Problem description - Beginning with the first line of the entries below, quote each line until you reach and include the line with "Outdoor networking reception".
***** Study material *****
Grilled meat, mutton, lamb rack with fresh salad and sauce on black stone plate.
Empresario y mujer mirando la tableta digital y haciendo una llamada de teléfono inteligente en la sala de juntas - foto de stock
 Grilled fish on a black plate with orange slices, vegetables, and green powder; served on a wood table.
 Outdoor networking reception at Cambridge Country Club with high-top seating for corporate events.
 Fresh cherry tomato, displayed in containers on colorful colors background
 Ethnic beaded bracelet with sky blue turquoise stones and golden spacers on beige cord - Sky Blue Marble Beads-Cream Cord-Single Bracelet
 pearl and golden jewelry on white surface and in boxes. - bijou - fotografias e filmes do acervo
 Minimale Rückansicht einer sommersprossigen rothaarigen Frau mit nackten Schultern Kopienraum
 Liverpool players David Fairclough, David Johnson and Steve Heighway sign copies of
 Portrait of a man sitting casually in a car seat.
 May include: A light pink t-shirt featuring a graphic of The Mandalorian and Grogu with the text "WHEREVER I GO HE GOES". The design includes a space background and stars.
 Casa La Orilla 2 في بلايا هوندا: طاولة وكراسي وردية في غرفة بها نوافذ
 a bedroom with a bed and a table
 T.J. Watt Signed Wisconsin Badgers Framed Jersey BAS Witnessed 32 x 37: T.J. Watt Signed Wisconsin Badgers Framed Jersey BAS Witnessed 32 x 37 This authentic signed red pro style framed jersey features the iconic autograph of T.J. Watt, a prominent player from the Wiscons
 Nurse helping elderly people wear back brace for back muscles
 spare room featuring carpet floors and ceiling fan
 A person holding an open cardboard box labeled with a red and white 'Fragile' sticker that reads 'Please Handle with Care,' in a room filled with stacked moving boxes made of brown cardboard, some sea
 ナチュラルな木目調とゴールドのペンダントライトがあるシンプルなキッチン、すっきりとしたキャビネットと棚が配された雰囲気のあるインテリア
*****
Output of the exercise -
Grilled meat, mutton, lamb rack with fresh salad and sauce on black stone plate.
Empresario y mujer mirando la tableta digital y haciendo una llamada de teléfono inteligente en la sala de juntas - foto de stock
 Grilled fish on a black plate with orange slices, vegetables, and green powder; served on a wood table.
 Outdoor networking reception at Cambridge Country Club with high-top seating for corporate events.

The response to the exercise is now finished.